I've been curious about Ada 2012 ever since I read about it.1 I recently learned that Ada was originally designed for embedded systems and that piqued my interest even more. One particularly interesting Ada feature is language support for tasks (aka threads), including a built-in scheduler. The task support includes a feature for inter-task communication and synchronization called a "rendezvous". Since I had never used a language with that feature, the concept was a bit confusing at first.

After writing some Go code I realized that the Ada rendezvous was very similar to using channels to communicate between goroutines. Both Go channels and the Ada rendezvous are descendants of Tony Hoare's Communicating Sequential Processes (CSP), so there's a strong theoretical basis behind them.2

The basic idea is that a task can call a procedure provided by another task, but the code will only run after they have both reached the "rendezvous". One task has a rendezvous "entry point" which looks like a procedure (aka function). When that task "accepts" the entry point, it will sleep and wait for another task to call the procedure, or "enter" the rendezvous. If a task tries to enter the rendezvous before the accepting task is ready to accept, then the entering task will sleep until the accepting task is ready. In other words, the first task to reach the rendezvous sleeps until the other task reaches the rendezvous. When both tasks are ready, the rendezvous procedure will run with input parameters passed by the entering task and it will return values back to the entering task. Both tasks are synchronized while the rendezvous code runs, meaning they won't resume executing their task code until the rendezvous finishes. Since the two tasks only exchange data while synchronized there is no need for mutexes.

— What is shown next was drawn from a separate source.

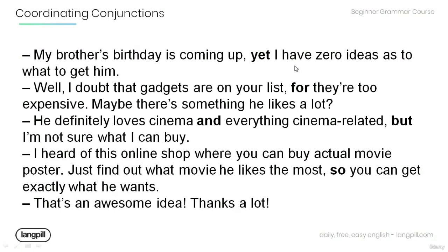Here is a short story using coordinating conjunctions. Listen as I read so you can see how they are used in real-life conversation. After I'm done, make sure you understand all the grammar and read aloud yourself so that you can work on your own fluency and pronunciation. 'My brother's birthday is coming up, yet I have zero ideas as to what to get him.' 'Well, I doubt that gadgets are on your list, for they're too expensive.' 'Maybe there's something he likes a lot.' 'He definitely loves cinema and everything cinema-related, but I'm not sure what I can buy.' 'I heard of this online shop where you can buy actual movie posters. Just find out what movie he likes the most so you can get exactly what he wants.' 'That's an awesome idea. Thanks a lot.'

To get an even better understanding of the Ada Rendezvous, I decided to implement a subset of the functionality in C using Pthreads for the Rosetta Code project. I posted my implementation on September 9th, 2020:



My professional work is mostly embedded firmware, usually implemented in C. C is imperfect, but since it's one of the first languages I learned and the one I work with the most, it's the one I usually "think" in. Even though it is a "systems language" designed for implementing portable operating systems, I've long felt that embedded systems would be better served by a language explicitly designed for firmware and real-time embedded systems. Ada is one such language. I know bad code can be written in any language and that simply switching from one to another won't increase the quality of any project, but it is still good to consider alternative ways of tackling a problem and to learn from the collective experience of other software engineers. Reading about Ada makes be a better C programmer.


Embedded System Design by Peter Marwedel briefly discusses the connection between CSP and the Ada rendezvous on page 111. The book is a wide ranging survey of embedded systems hardware, software, theory, techniques, and algorithms. The fourth edition is open-access and the PDF is free to download, though I'm happy to have purchased a print copy.